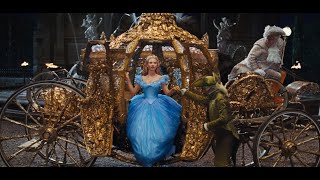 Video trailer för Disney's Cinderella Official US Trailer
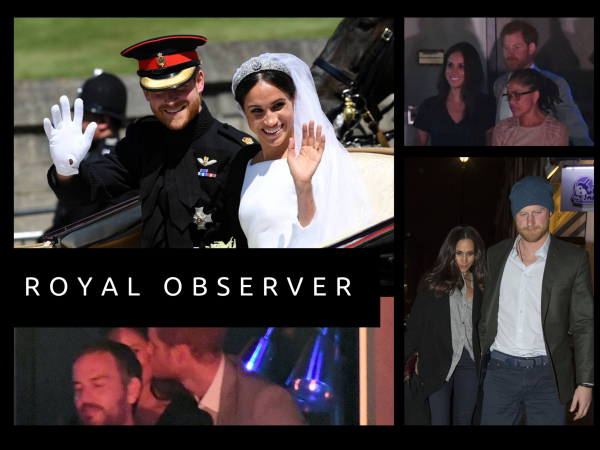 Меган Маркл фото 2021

════

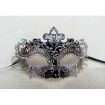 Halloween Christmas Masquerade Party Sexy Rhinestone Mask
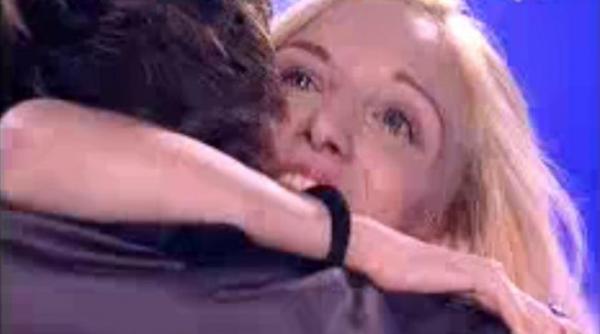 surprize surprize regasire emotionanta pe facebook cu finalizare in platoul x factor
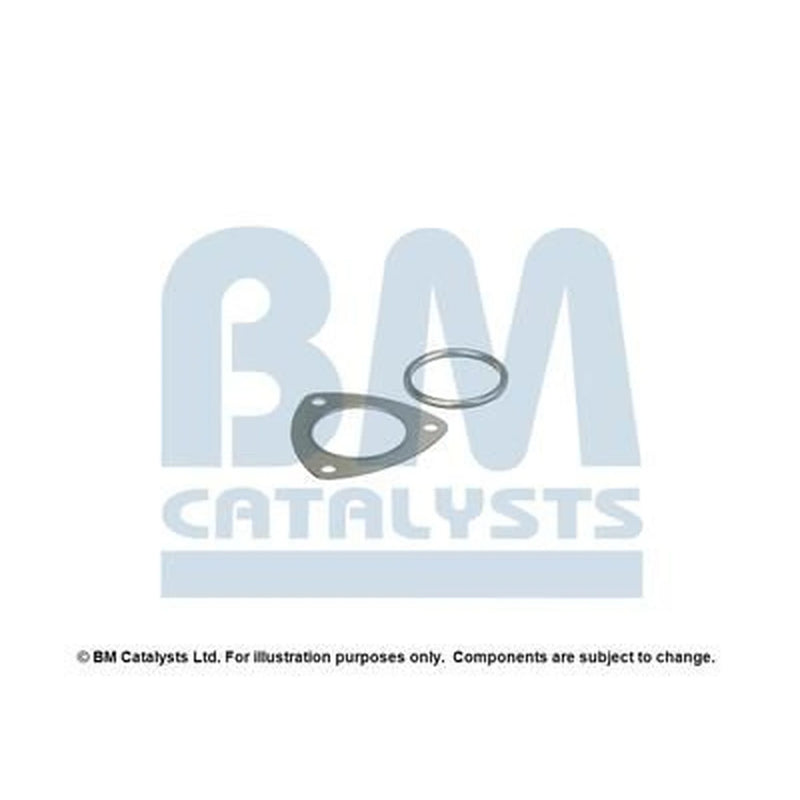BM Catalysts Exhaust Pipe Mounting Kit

════

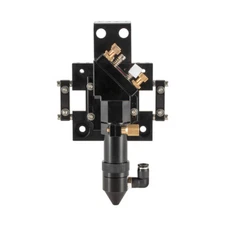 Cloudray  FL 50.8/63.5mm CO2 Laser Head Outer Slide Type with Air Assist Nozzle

════

WHAT THIS TASK INVOLVES:
Print, exactly and with no pictures, the lines of the listing above starting at the one that has "Halloween Christmas Masquerade" and ending at the one that has "BM Catalysts Exhaust Pipe Mounting Kit", both included.

TASK RESULT:
 Halloween Christmas Masquerade Party Sexy Rhinestone Mask
 surprize surprize regasire emotionanta pe facebook cu finalizare in platoul x factor
BM Catalysts Exhaust Pipe Mounting Kit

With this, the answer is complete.